Quando seus corpos acabavam de vasculhar a porta em busca de frestas, as almas subiam. Depois suas unhas arranharem a madeira e, em alguns casos, ficarem cravadas nela, pela pura força do desespero, seus espíritos vinham em minha direção, para meus braços, e galgávamos as instalações daqueles chuveiros, escalávamos o telhado e subíamos para a largueza segura da eternidade. E continuam a me alimentar. Minuto após minuto. Chuveiro após chuveiro.
[...] Com o correr do tempo, também passei a pegá-los no fundo do grande penhasco, onde suas fugas acabavam terrivelmente mal. Havia corpos quebrados e meigos corações mortos. Ainda assim, era melhor do que o gás. Alguns deles eu apanhava ainda a meio caminho da descida. Salvei você, pensava comigo mesma, segurando suas almas no ar, enquanto o resto de seu ser - suas carniças físicas - despencava na terra.
[...]
Deus.
Sempre pronuncio esse nome, ao pensar naquilo.
Deus.
Duas vezes, eu repito.
Digo o nome d'Ele na vã tentativa de compreender. "Mas não é a sua função compreender." Essa sou eu respondendo. Deus nunca diz nada. Você acha que é a única pessoa a quem Ele nunca responde? "Sua tarefa é..." E eu paro de escutar, porque, para dizê-lo curto e grosso, eu canso a mim mesma. Quando começo a pensar daquele jeito, fico inteiramente exausta e não tenho o luxo de me entregar a fadiga. Sou obrigada a continuar, porque, embora isso não se aplique a todas as pessoas da Terra, é verdade para a vasta meioria: a morte não espera por ninguém - e, quando espera, em geral não é por muito tempo.

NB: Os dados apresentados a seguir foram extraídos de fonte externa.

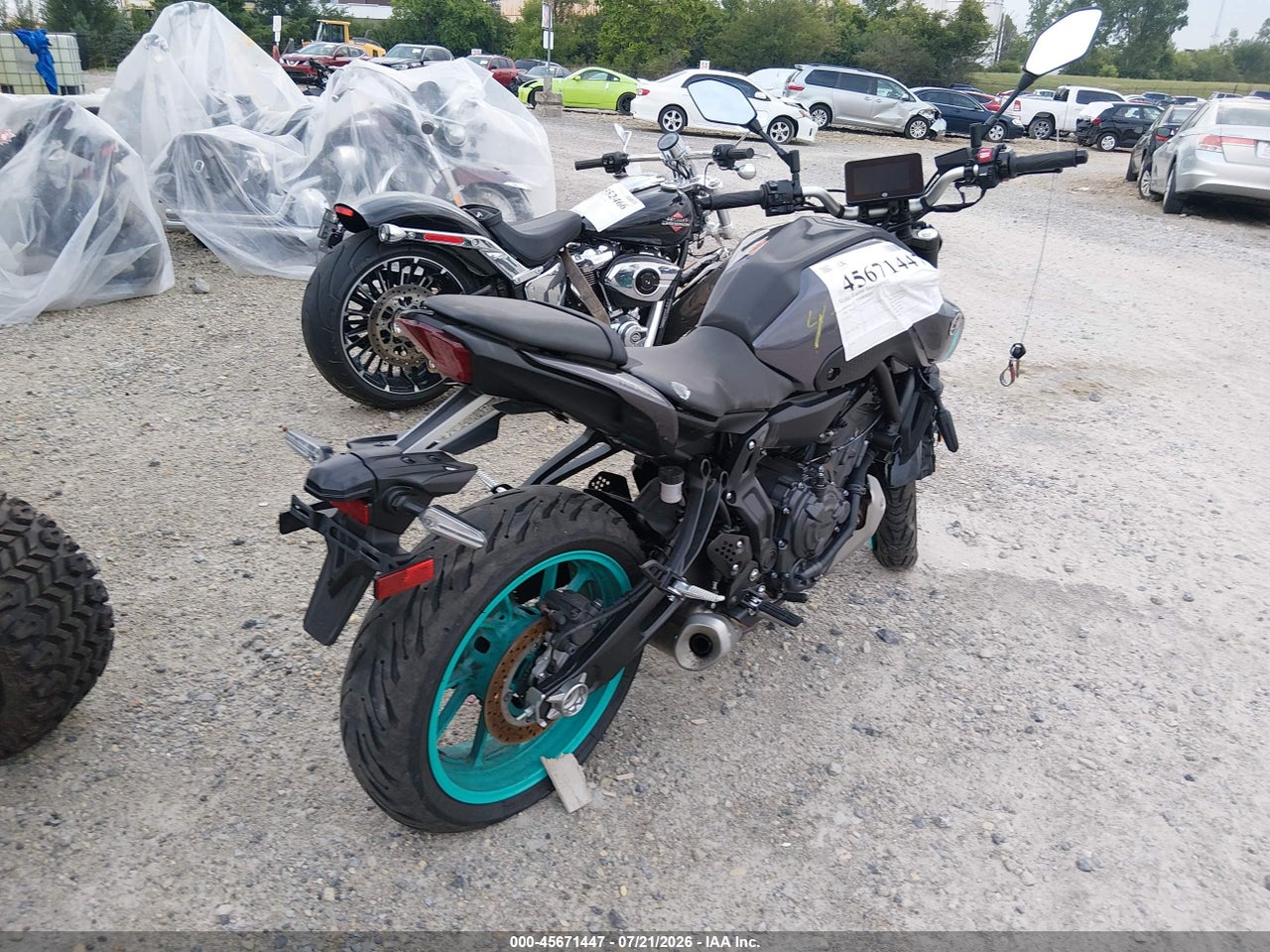 2024 YAMAHA MT07 · 4/11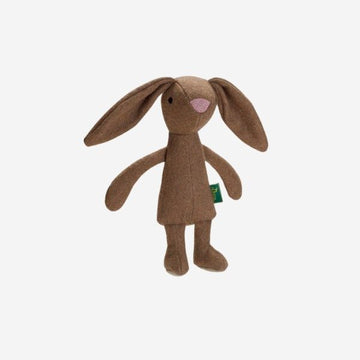 Hunter Marle // Recycled felt dog toy (rabbit)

Em 23 de junho de 1942, havia um grupo de judeus franceses numa prisão alemã, em solo polonês. A primeira pessoa que peguei estava perto da porta com a mente em disparada, depois reduzia a passadas, depois mais lenta, mais lenta...
Por favor, acredite quando lhe digo que, naquele dia, peguei cada alma como se fosse um recém-nascido. Cheguei até a beijar alguns rostos exaustos, envenenados. Ouvi seus últimos gritos entrecortados. Suas palavras evanescentes. Observei suas visões de amor e os libertei de seu medo.
A todos levei embora e, se houve um momento em que precisei de distração, foi esse. Em completa desolação, olhei para o mundo lá encima. Vi o céu transformar-se de prata em cinza e em cor de chuva. Até as nuvens tentavam fugir.
Vez por outra, eu imaginava como seria tudo acima daquelas nuvens, sabendo, sem sombra de dúvida, que o Sol era louro e a atmosfera interminável era um gigantesco olho azul.
Eles eram franceses, eram judeus, e eram você.